WHAT TO DO: The records below hold a stretch from the line with "S4U Flairy Tales" through the line with "NWT pearl bee drop earrings sterling silver"; return exactly those lines, ends included, and nothing more.

PROVIDED RECORDS:
────────────────────────────────────────

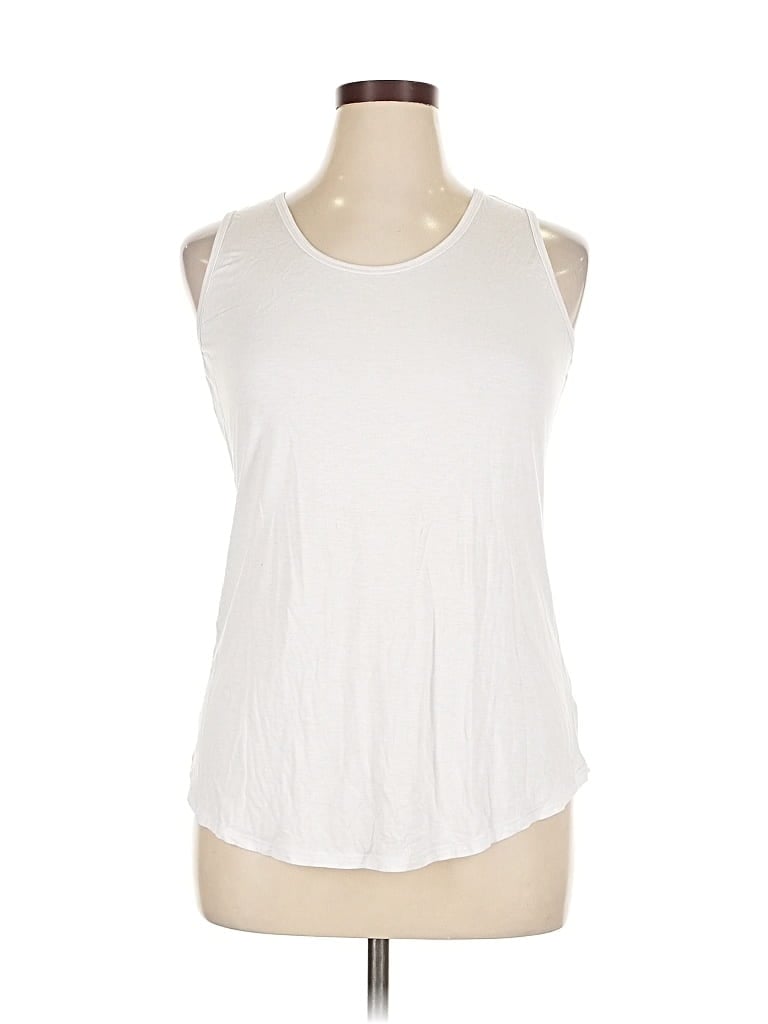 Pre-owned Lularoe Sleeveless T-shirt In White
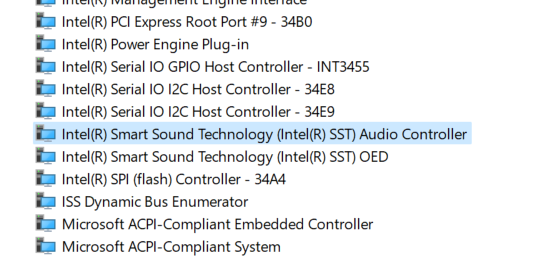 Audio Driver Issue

────────────────────────────────────────

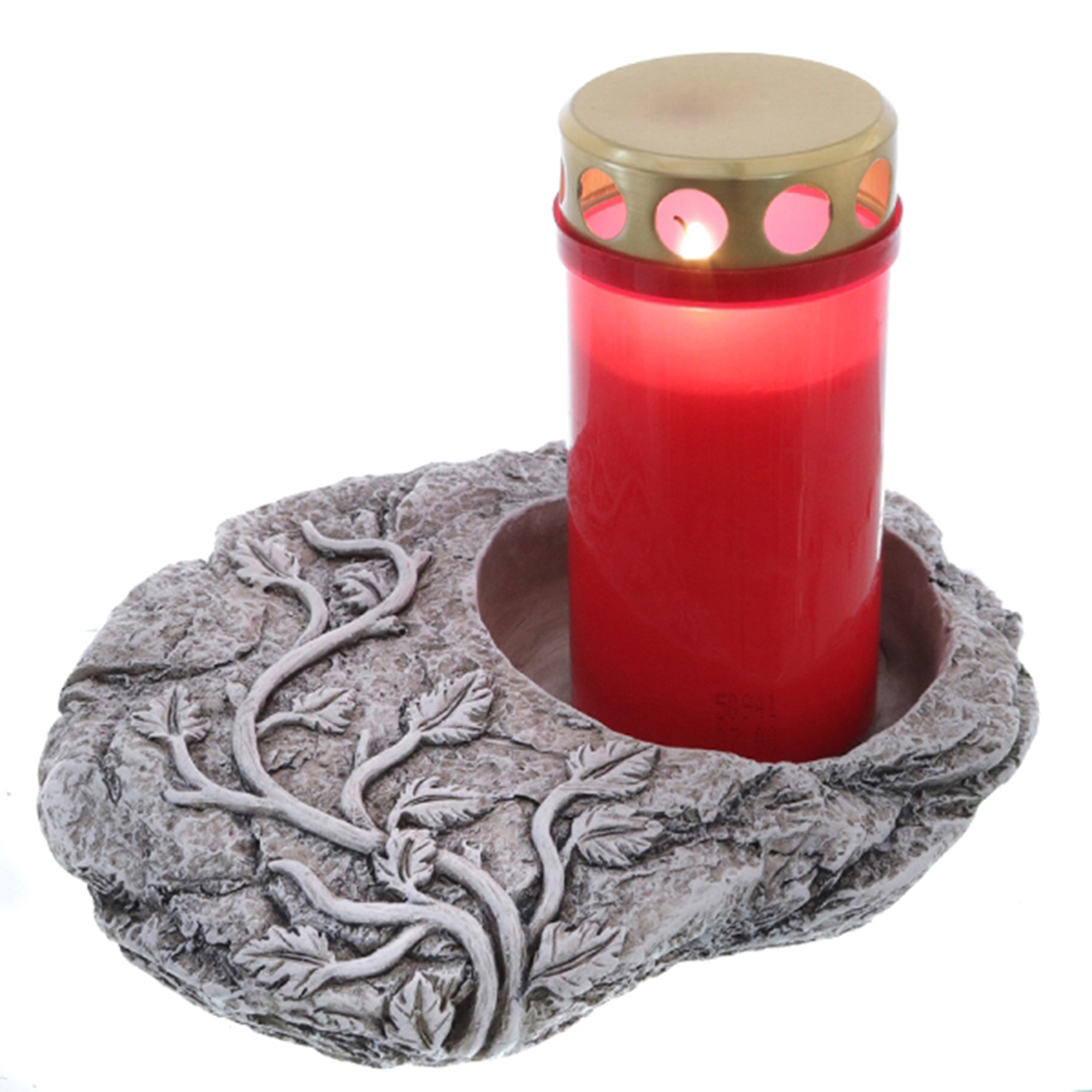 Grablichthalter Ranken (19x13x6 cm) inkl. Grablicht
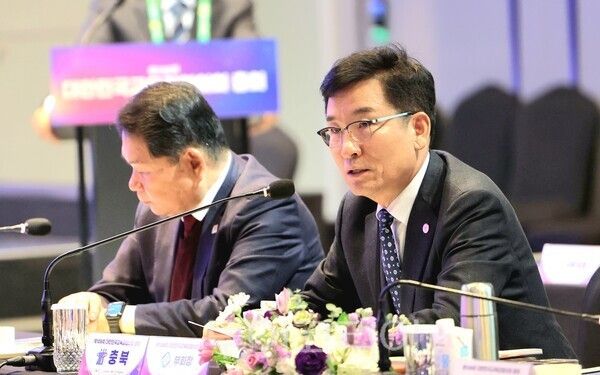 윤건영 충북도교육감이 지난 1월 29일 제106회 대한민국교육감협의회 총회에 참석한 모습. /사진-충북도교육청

────────────────────────────────────────

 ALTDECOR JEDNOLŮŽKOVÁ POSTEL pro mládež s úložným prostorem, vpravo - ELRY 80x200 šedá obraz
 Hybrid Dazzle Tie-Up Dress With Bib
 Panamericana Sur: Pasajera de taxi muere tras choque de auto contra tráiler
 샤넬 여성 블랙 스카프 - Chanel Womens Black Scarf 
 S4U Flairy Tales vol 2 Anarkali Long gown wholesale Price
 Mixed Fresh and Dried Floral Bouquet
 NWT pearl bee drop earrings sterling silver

────────────────────────────────────────

TASK RESPONSE:
 S4U Flairy Tales vol 2 Anarkali Long gown wholesale Price
 Mixed Fresh and Dried Floral Bouquet
 NWT pearl bee drop earrings sterling silver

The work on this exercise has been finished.